WHAT THE TASK ASKS :: For this task, retype the records below exactly.

DATA EXTRACT ::
********

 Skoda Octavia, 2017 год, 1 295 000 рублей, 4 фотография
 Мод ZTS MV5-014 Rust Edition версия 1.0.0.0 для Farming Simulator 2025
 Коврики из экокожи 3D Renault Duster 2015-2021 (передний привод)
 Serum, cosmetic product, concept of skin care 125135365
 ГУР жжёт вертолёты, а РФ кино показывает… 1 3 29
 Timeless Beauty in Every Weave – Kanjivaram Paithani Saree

********

ANSWER BOX ::
 Skoda Octavia, 2017 год, 1 295 000 рублей, 4 фотография
 Мод ZTS MV5-014 Rust Edition версия 1.0.0.0 для Farming Simulator 2025
 Коврики из экокожи 3D Renault Duster 2015-2021 (передний привод)
 Serum, cosmetic product, concept of skin care 125135365
 ГУР жжёт вертолёты, а РФ кино показывает… 1 3 29
 Timeless Beauty in Every Weave – Kanjivaram Paithani Saree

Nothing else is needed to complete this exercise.